# [PROBLEM DESCRIPTION]
Begin at the line below that has "37712 Aaralyn Rd, Zephyrhills, FL". Stop after the line that has "an empty room with a ceiling fan and carpet", repeating each line exactly and leaving out the pictures.

# [SOURCE INFORMATION]
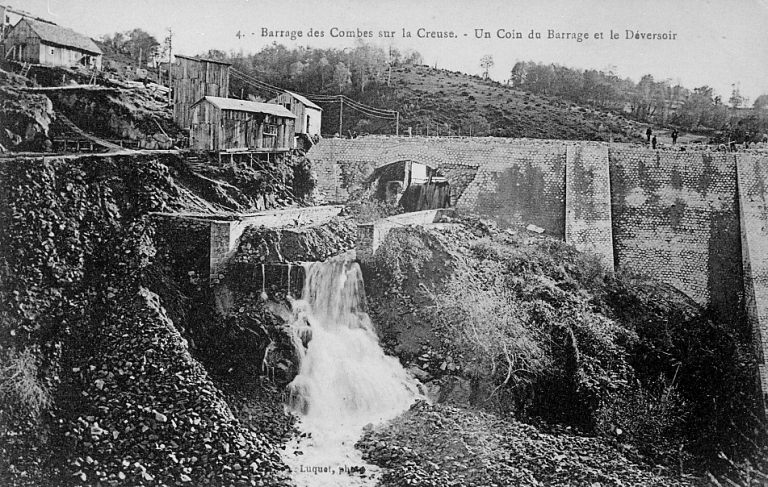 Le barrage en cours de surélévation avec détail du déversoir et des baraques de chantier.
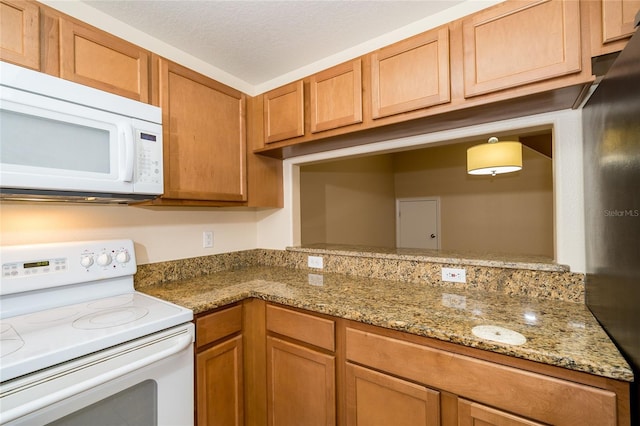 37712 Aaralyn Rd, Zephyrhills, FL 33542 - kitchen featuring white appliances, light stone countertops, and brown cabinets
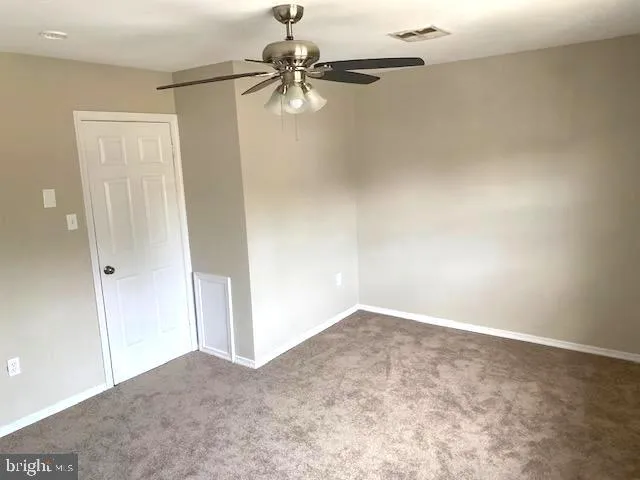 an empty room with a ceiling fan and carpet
...
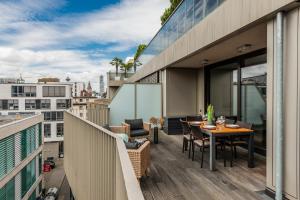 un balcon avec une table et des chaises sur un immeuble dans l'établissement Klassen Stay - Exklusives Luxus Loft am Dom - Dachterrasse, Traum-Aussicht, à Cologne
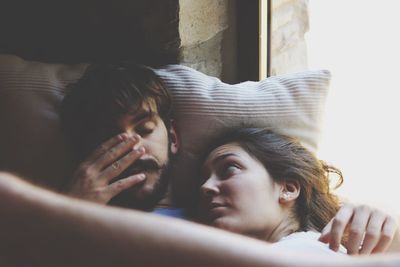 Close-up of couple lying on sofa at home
---
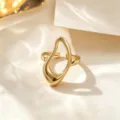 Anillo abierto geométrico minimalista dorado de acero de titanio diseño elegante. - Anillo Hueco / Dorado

# [EXERCISE OUTPUT]
 37712 Aaralyn Rd, Zephyrhills, FL 33542 - kitchen featuring white appliances, light stone countertops, and brown cabinets
 an empty room with a ceiling fan and carpet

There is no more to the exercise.